Prostate Cancer Treatment

The treatment of prostate cancer is varied and fairly complex. The options vary from what we call watchful waiting, which involves close surveillance or observation of the patient, surgical removal of the prostate, external radiation and seed implantation. A final option is hormone therapy in some men. These treatments can be given as an isolated treatment or in combination. The decision to select one treatment over another is very complicated and should involve discussion with a patient's physicians.

Radiation Risks

One of the important aspects of treating prostate cancer, as well as many other cancers, is this new concept of organ motion. Typically, and historically the way prostate cancer was treated with external radiation is that the gentleman would lie on his back, and there would be a mold made to position him in a reliable and reproducible fashion.

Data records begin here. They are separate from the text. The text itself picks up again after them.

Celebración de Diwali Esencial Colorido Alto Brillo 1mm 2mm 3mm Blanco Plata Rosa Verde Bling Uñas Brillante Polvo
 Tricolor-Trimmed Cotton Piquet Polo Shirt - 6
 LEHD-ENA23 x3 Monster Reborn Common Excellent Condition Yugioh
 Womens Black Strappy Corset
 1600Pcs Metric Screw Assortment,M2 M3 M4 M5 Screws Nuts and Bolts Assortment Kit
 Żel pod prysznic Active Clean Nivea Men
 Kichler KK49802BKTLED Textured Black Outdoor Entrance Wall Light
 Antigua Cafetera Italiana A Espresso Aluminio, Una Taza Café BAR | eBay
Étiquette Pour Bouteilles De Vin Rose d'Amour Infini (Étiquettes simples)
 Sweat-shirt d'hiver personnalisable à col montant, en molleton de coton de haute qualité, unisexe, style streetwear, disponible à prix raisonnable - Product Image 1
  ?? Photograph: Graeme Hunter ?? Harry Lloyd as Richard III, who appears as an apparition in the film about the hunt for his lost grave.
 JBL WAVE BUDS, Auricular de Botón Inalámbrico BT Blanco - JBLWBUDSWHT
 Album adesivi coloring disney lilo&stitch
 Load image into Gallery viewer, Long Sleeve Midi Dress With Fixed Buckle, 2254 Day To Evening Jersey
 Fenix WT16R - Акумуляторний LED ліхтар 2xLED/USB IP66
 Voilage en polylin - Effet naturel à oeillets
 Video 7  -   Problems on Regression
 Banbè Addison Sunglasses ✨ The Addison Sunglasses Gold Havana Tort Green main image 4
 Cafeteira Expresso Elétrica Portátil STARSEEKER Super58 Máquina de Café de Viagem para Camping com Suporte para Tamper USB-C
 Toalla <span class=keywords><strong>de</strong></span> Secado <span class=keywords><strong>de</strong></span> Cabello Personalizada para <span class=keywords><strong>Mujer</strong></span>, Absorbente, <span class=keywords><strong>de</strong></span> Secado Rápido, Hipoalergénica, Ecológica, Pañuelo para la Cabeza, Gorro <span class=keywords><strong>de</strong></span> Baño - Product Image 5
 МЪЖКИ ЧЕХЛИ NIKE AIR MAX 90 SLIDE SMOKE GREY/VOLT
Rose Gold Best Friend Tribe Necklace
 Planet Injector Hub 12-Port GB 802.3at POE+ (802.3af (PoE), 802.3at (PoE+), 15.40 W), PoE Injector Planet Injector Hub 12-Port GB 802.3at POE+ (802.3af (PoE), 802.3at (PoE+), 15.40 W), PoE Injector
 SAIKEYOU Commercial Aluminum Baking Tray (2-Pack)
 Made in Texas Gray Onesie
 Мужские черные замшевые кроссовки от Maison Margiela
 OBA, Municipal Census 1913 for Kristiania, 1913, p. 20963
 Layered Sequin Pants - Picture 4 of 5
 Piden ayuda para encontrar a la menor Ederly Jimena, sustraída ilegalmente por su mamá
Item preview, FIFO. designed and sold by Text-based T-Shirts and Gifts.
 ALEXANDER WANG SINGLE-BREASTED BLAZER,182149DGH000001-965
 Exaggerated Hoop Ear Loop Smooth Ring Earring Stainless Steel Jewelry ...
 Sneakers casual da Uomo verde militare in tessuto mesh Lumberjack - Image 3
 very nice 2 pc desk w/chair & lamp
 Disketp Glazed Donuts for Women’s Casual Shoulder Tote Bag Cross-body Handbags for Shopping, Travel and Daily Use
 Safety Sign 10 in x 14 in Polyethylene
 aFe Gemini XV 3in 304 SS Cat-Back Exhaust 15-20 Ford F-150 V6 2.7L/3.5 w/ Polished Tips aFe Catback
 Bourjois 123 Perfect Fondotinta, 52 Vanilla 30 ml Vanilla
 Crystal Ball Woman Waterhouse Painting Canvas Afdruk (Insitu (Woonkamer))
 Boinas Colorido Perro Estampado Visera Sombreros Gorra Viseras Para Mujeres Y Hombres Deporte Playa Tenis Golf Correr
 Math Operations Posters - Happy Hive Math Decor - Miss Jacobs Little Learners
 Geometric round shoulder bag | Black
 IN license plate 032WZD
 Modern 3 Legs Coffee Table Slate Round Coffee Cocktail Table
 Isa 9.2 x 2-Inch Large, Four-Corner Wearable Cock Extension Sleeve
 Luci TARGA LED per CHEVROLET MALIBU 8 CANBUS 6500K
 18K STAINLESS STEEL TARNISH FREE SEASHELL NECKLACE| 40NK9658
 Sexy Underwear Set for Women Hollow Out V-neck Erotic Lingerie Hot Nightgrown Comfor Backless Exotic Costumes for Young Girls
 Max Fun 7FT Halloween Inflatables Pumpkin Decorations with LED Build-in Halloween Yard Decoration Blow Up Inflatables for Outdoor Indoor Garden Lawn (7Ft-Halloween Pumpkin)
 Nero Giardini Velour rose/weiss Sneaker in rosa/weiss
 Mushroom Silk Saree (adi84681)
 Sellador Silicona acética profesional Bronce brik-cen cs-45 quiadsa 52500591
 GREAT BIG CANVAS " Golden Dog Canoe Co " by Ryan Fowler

Marks would be put on his skin to help with the alignment process. What we've learned over the past several years is that despite the effort to keep the external anatomy of the patient still and reproducible, internal organs actually move. They move because of respiration, because certain organs fill and empty, such as the bladder and the bowel. As a consequence of that, we've learned that the prostate can move quite a bit, not only day to day, but also minute to minute. Traditionally, our radiation treatment was designed to treat the prostate assuming it had a static position.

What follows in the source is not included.